*Task*
Every line between the one containing "GIS, prefabbricazione, Geberit GIS, prefabbricazione, Geberit" and the last line of the data, both included, is to be set down exactly, and pictures are to be omitted.
[[ Supplied information open ]]
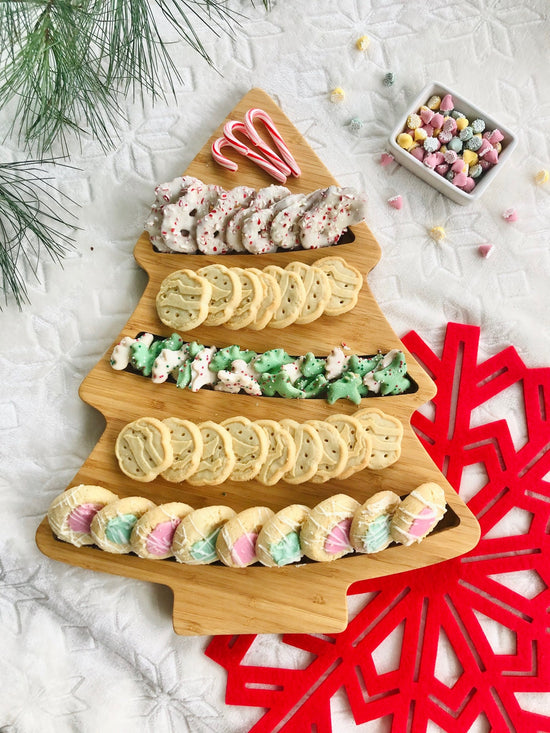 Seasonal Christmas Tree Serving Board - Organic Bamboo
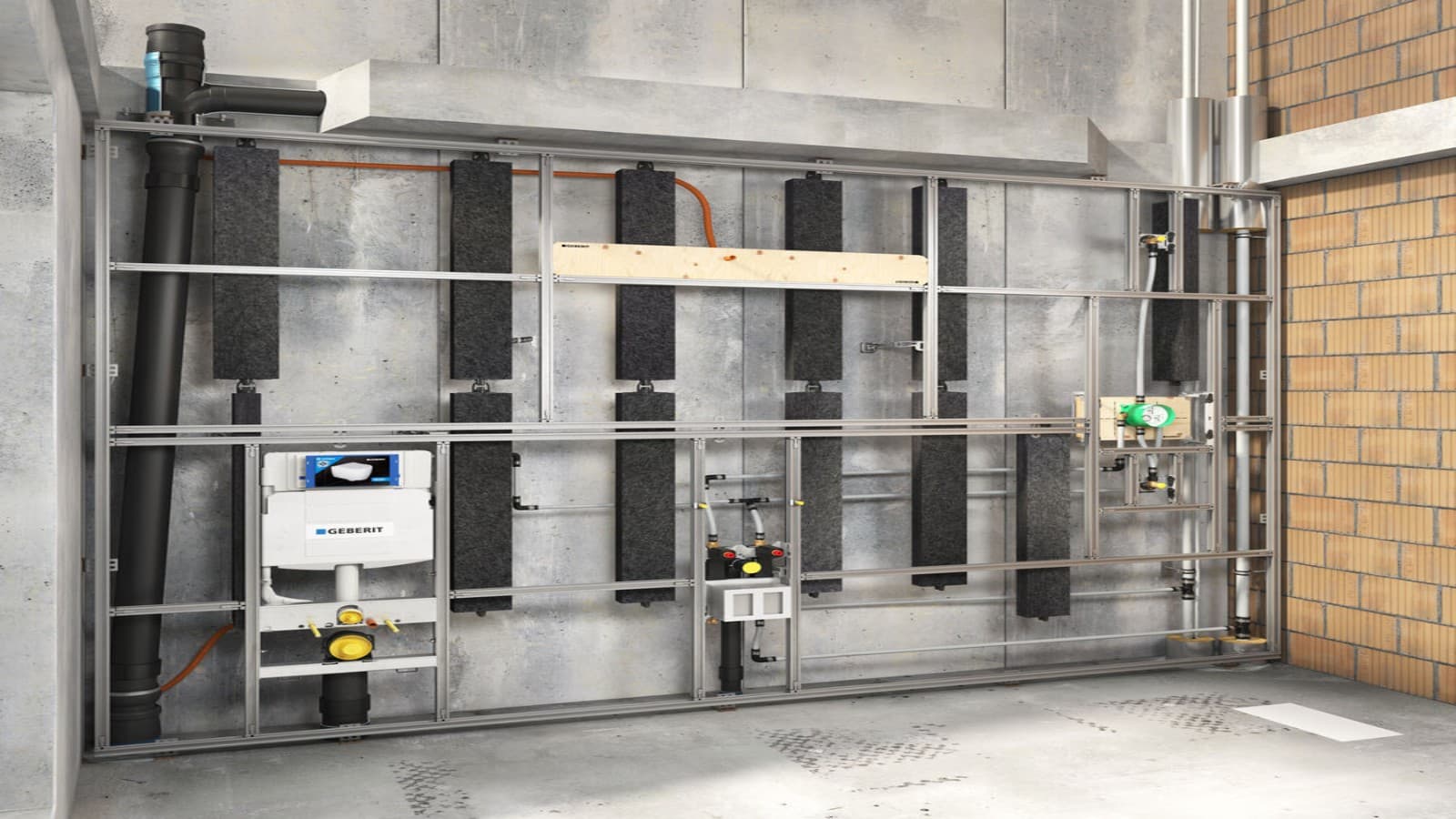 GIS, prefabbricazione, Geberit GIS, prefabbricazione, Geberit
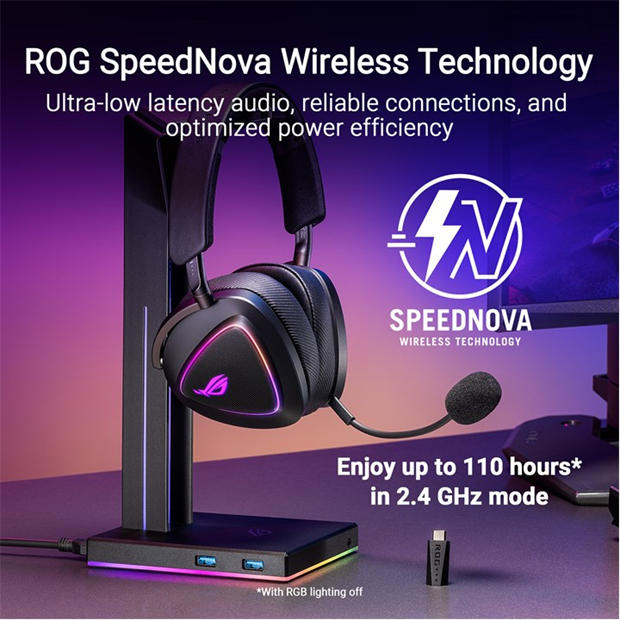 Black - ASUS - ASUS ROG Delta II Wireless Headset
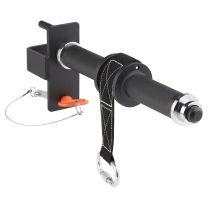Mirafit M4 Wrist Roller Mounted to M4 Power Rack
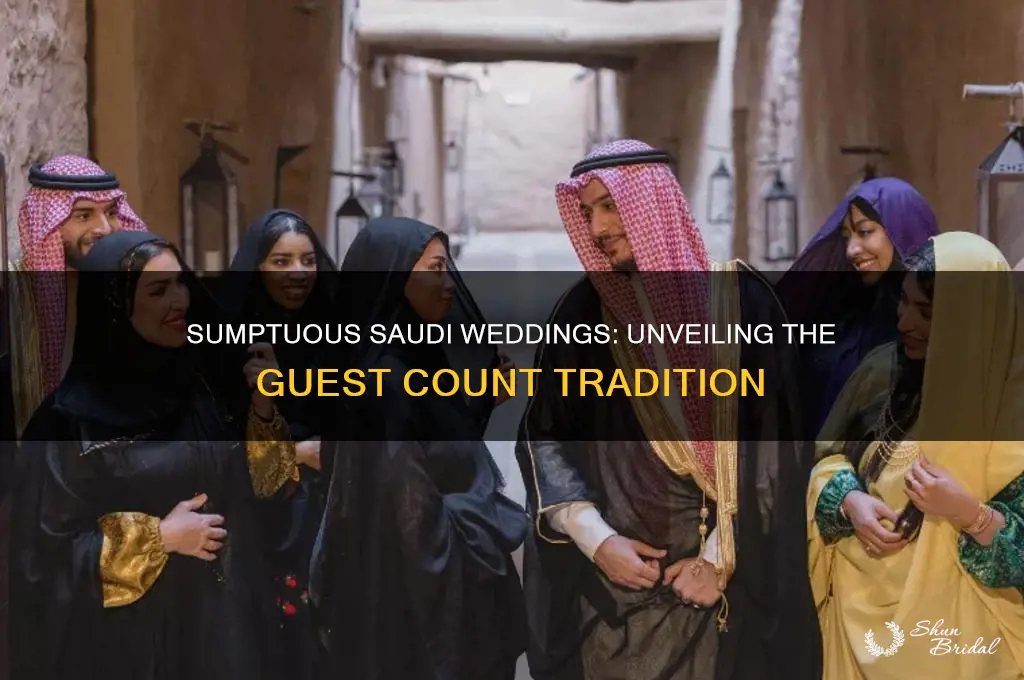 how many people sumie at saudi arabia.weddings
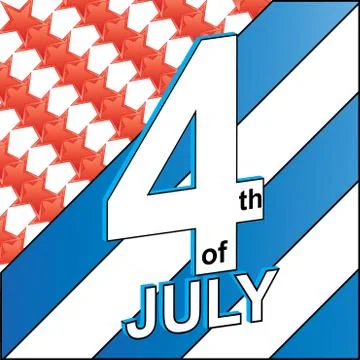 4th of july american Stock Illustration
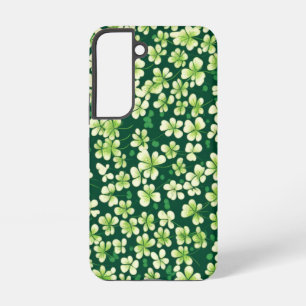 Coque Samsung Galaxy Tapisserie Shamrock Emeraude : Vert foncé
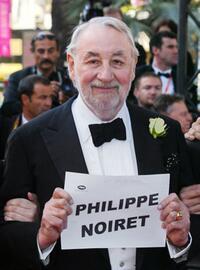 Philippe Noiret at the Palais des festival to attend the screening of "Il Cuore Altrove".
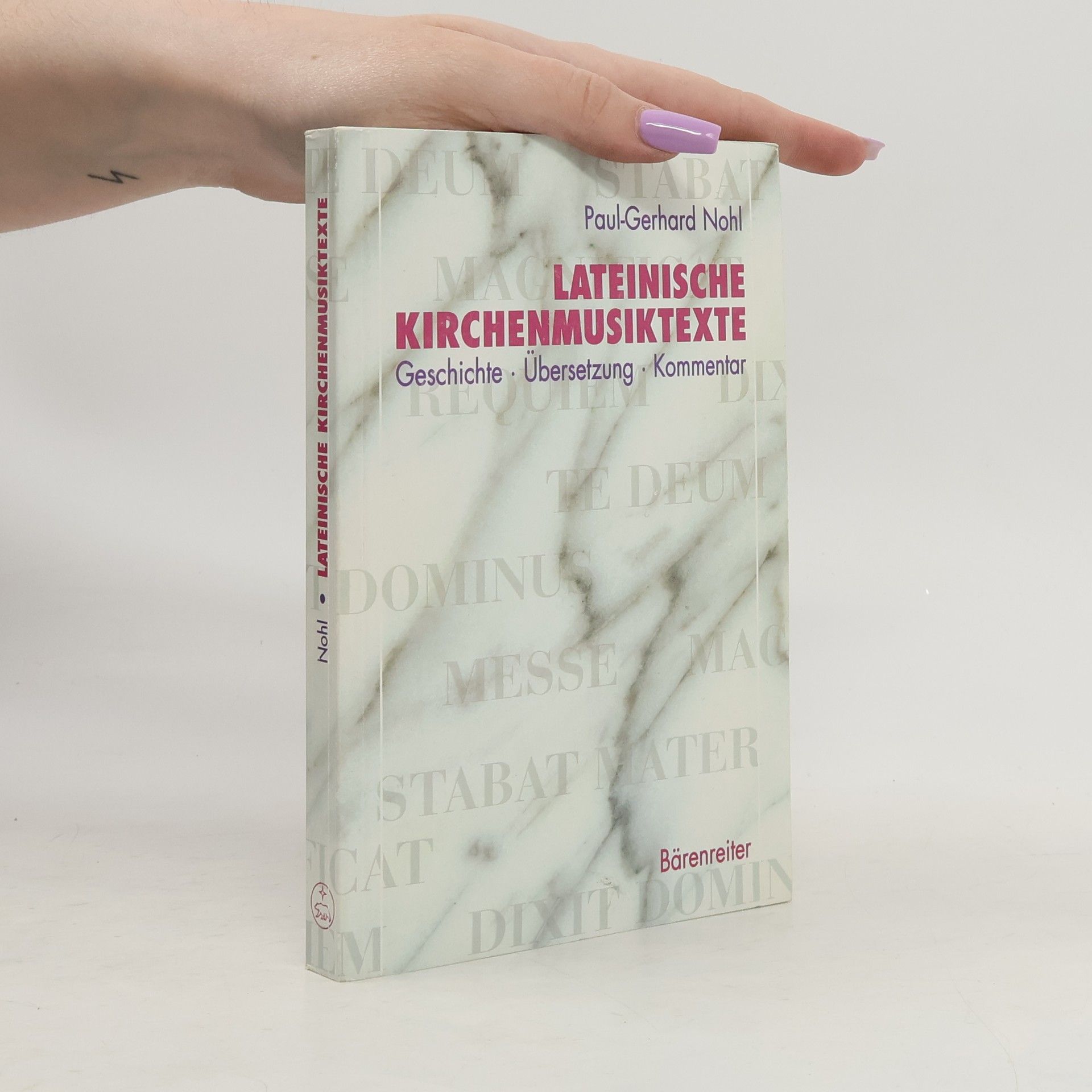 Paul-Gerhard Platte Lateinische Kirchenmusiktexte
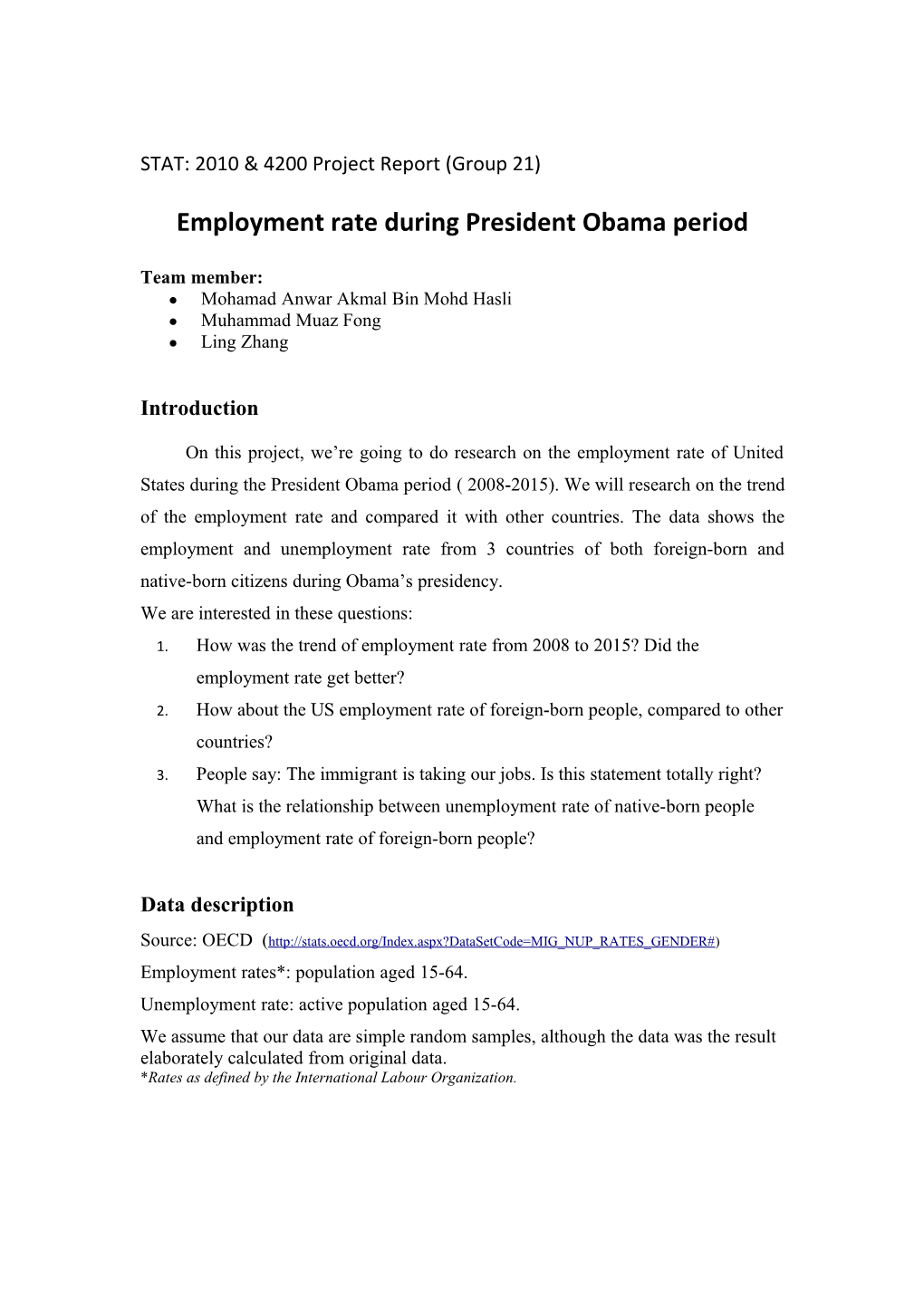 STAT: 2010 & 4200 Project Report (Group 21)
[[ Supplied information closed ]]
*Response*
 GIS, prefabbricazione, Geberit GIS, prefabbricazione, Geberit
 Black - ASUS - ASUS ROG Delta II Wireless Headset
Mirafit M4 Wrist Roller Mounted to M4 Power Rack
 how many people sumie at saudi arabia.weddings
 4th of july american Stock Illustration
 Coque Samsung Galaxy Tapisserie Shamrock Emeraude : Vert foncé
 Philippe Noiret at the Palais des festival to attend the screening of "Il Cuore Altrove".
 Paul-Gerhard Platte Lateinische Kirchenmusiktexte
 STAT: 2010 & 4200 Project Report (Group 21)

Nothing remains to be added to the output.